Data cleaning is a crucial step in data analysis, ensuring accuracy and consistency in reports. Power Query in Power BI provides powerful tools to clean, filter, and structure data efficiently. One of the most common tasks is removing duplicates and cleaning unnecessary or incorrect data.
In this guide, we will walk through:
- Removing duplicates in Power Query
- Cleaning messy data
- Best practices for data transformation
1. Why Clean Data in Power Query?
Before analysis, raw data often contains inconsistencies, such as: ✔️ Duplicate records that inflate counts and distort insights.
✔️ Missing or null values that break calculations.
✔️ Extra spaces, inconsistent text formatting, or unwanted characters.
✔️ Mismatched column types leading to errors in calculations.
By cleaning data in Power Query, you improve data integrity, accuracy, and efficiency in Power BI.
2. How to Remove Duplicates in Power Query
Step 1: Load Data into Power Query
- Open Power BI Desktop.
- Click on Transform Data to open Power Query Editor.
- Select the table where you want to remove duplicates.
Step 2: Identify and Remove Duplicates
- Select the column(s) that may contain duplicates.
- Go to the Home tab and click Remove Duplicates.

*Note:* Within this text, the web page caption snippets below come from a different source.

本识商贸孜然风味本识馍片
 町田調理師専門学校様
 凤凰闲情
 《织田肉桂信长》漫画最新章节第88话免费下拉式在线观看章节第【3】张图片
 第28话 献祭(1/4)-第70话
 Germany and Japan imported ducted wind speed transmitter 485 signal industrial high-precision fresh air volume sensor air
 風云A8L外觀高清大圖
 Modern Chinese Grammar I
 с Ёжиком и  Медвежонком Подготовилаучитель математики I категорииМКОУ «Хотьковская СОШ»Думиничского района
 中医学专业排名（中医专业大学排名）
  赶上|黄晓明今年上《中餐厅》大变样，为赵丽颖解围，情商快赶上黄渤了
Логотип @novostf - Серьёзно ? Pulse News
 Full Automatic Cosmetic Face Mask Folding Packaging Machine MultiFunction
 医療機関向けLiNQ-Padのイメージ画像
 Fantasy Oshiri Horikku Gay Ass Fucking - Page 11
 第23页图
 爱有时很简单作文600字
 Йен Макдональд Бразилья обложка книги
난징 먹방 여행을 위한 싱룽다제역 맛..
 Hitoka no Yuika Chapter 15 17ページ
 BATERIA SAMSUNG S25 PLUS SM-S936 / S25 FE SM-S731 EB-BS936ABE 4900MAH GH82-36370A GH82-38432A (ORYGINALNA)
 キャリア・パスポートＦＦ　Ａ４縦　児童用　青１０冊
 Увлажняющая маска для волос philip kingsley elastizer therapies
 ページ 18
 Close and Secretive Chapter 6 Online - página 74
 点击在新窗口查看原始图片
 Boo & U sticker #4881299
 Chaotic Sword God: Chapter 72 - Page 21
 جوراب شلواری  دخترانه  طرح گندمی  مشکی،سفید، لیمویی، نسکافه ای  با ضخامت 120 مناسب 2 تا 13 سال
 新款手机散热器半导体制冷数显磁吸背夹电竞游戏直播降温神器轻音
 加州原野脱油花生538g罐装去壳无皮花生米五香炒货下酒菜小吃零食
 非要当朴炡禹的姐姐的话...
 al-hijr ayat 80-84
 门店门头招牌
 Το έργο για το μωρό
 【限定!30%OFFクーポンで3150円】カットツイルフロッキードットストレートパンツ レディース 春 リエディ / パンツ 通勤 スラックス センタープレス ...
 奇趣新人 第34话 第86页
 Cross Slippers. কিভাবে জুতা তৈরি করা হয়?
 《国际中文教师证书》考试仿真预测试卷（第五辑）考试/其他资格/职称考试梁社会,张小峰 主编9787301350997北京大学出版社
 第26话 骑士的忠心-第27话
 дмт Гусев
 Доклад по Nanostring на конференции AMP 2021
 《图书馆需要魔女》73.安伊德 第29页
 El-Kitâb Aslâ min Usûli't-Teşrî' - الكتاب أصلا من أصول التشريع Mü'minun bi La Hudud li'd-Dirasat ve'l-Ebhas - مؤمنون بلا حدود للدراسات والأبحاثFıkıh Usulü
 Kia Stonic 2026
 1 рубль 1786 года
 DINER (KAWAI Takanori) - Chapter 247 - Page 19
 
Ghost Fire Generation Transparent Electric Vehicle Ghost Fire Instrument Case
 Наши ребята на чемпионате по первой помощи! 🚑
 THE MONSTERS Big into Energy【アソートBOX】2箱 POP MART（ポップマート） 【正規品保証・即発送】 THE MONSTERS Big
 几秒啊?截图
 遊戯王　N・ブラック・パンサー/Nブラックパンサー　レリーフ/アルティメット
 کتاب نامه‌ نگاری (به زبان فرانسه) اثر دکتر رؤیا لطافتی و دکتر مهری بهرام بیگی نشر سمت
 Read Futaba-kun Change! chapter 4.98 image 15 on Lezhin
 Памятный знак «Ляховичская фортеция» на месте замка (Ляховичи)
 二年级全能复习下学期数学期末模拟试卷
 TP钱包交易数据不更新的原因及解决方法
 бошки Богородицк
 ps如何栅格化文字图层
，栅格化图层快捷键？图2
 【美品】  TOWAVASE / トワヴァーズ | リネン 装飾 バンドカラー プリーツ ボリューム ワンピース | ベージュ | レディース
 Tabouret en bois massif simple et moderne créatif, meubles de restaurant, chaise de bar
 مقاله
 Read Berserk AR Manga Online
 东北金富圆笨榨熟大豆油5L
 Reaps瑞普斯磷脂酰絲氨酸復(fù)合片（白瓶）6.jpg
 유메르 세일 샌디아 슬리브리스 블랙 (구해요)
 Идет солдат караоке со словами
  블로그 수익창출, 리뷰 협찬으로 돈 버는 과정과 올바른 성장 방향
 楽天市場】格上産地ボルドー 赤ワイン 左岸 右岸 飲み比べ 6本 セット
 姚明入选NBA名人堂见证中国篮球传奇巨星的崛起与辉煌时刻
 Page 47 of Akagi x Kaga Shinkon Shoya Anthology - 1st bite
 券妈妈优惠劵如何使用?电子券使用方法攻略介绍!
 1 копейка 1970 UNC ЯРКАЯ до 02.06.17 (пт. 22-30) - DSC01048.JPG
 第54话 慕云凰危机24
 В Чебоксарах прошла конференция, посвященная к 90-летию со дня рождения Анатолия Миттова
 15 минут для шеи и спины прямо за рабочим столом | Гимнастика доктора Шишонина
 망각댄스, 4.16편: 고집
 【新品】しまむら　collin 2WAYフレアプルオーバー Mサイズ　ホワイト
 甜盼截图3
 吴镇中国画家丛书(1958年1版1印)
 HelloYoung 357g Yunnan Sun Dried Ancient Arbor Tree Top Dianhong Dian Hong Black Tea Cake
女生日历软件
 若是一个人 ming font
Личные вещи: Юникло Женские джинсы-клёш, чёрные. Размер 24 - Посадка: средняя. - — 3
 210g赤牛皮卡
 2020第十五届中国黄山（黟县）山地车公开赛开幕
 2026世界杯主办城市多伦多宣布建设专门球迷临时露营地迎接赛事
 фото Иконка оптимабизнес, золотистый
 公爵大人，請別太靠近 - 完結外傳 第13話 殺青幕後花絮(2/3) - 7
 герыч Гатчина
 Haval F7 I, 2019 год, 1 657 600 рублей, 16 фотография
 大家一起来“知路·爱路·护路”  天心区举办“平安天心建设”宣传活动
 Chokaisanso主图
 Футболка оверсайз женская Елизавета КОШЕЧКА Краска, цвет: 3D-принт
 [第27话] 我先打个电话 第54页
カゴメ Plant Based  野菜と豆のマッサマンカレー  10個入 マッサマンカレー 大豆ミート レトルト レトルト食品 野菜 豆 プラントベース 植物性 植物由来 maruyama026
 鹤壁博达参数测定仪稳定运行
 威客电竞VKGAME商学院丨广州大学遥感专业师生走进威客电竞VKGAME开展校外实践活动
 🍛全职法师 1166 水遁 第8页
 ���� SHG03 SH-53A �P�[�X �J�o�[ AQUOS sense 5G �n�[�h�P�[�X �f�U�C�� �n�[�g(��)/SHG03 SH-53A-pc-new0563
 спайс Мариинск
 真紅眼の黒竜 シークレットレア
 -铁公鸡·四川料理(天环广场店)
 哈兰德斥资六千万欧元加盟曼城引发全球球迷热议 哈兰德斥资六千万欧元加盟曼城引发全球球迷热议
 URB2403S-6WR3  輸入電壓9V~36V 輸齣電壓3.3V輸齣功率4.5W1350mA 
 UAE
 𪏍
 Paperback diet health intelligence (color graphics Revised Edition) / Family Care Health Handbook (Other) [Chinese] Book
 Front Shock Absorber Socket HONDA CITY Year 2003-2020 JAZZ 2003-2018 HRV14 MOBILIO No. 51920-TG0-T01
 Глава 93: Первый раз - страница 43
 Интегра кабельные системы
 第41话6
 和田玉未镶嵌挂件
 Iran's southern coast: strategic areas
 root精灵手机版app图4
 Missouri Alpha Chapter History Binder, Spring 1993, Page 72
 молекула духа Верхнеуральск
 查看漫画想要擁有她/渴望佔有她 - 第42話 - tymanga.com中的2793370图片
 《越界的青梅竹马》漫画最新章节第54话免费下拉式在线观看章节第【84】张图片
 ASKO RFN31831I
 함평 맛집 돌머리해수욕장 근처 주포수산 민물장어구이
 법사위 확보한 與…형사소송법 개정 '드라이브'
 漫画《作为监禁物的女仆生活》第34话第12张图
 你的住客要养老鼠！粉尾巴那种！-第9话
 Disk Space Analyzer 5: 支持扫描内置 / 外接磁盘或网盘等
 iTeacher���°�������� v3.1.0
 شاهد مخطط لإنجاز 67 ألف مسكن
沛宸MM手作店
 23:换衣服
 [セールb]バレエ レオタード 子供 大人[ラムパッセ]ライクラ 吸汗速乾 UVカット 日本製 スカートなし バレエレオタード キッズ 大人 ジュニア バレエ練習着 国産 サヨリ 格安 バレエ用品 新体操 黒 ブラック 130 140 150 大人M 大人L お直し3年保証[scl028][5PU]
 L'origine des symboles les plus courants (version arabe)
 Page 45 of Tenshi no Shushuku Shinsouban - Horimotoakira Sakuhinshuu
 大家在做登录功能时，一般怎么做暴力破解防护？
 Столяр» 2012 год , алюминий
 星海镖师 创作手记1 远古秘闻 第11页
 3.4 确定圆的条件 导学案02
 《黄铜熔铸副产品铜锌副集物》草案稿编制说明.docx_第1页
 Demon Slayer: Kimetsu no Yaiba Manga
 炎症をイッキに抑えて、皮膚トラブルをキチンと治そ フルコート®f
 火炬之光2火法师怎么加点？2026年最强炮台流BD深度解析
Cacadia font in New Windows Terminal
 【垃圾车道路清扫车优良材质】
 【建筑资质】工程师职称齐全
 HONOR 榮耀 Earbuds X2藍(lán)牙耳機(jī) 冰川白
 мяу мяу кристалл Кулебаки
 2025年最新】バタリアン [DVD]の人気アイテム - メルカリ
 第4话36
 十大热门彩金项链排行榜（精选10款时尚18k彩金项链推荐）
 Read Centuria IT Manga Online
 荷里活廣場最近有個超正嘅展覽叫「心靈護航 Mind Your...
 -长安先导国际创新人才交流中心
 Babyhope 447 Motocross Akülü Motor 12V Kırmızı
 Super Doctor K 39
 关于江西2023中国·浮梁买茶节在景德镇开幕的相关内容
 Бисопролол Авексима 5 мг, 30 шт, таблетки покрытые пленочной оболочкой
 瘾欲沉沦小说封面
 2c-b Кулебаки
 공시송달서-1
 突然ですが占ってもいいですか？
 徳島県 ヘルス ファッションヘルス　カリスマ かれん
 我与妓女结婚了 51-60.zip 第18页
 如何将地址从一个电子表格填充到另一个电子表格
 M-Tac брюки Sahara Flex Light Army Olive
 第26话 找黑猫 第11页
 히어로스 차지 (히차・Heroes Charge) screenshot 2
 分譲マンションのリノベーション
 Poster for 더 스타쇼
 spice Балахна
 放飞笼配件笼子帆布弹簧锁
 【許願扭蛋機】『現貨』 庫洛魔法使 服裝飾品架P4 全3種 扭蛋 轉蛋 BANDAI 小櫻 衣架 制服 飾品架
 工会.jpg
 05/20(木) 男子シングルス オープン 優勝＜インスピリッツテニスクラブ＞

- Power Query automatically removes duplicate rows based on the selected column(s).
- Click Close & Apply to save changes.
✔ Tip: Be cautious when removing duplicates. If a dataset has different timestamps for similar records, check which column(s) uniquely identify a record.
3. Cleaning Data in Power Query
Handling Missing or Null Values
✔ Click on the Transform tab > Replace Values.
✔ Use “Replace Errors” to handle invalid data.
✔ Remove rows with missing values using Remove Rows > Remove Blank Rows.
✔ Fill missing values using Fill Down or Fill Up (especially useful for structured data like sales or inventory).
Standardizing Text and Data Formats
✔ Use Trim to remove extra spaces from text fields.
✔ Convert text to lowercase/uppercase/proper case for consistency.
✔ Change data types (e.g., Date, Number, Text) using the Data Type dropdown.
✔ Use Find & Replace to correct common errors in text fields.
Splitting & Merging Columns
✔ Split names, addresses, or codes into separate columns using Split Column by Delimiter.
✔ Merge related columns (e.g., first and last name) using Merge Columns.
4. Best Practices for Data Cleaning in Power Query
✅ Always keep a backup of raw data before making transformations.
✅ Use Applied Steps in Power Query to track changes and revert if needed.
✅ Check for inconsistent data types before applying transformations.
✅ Use filters to preview affected rows before removing duplicates.
✅ Document key transformations for easy troubleshooting and collaboration.
Conclusion
Cleaning data in Power Query ensures accurate, reliable, and optimized reports in Power BI. By removing duplicates, handling missing values, and standardizing data, you can improve your analysis and decision-making.
Mastering Power Query’s data cleaning techniques will make you a more efficient data analyst or Power BI user!